I've just send out a patch which fixes these build-errors (verified with both .config-s from the lkp reports). Feel free to squash this into the original patch (or keep them separate, whatever works for you).
Thanks, I squashed the fix in.
HOWEVER, I think it would be fairly risky to push this into v5.15. We would be relying on the assumption that current machines have all fixed the BIOS defect that 4dc2287c1805 addressed, and we have little evidence for that.
I'm not sure there's significant benefit to having this in v5.15. Yes, the mainline v5.15 kernel would work on the affected machines, but I suspect most people with those machines are running distro kernels, not mainline kernels.
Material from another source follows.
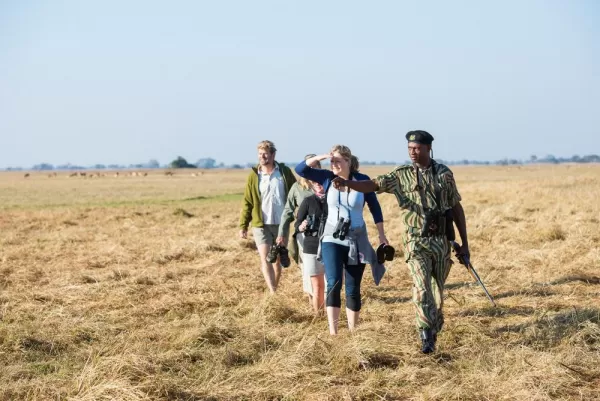 Walking safaris with a guide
This issue has been around a long time, so it's not like a regression that we just introduced. If we fixed these machines and regressed *other* machines, we'd be worse off than we are now.
Convince me otherwise if you see this differently :)
In the meantime, here's another possibility for working around this. What if we discarded remove_e820_regions() completely, but aligned the problem _CRS windows a little more? The 4dc2287c1805 case was this:
BIOS-e820: 00000000bfe4dc00 - 00000000c0000000 (reserved) pci_root PNP0A03:00: host bridge window [mem 0xbff00000-0xdfffffff]
where the _CRS window was of size 0x20100000, i.e., 512M + 1M. At least in this particular case, we could avoid the problem by throwing away that first 1M and aligning the window to a nice 3G boundary. Maybe it would be worth giving up a small fraction (less than 0.2% in this case) of questionable windows like this?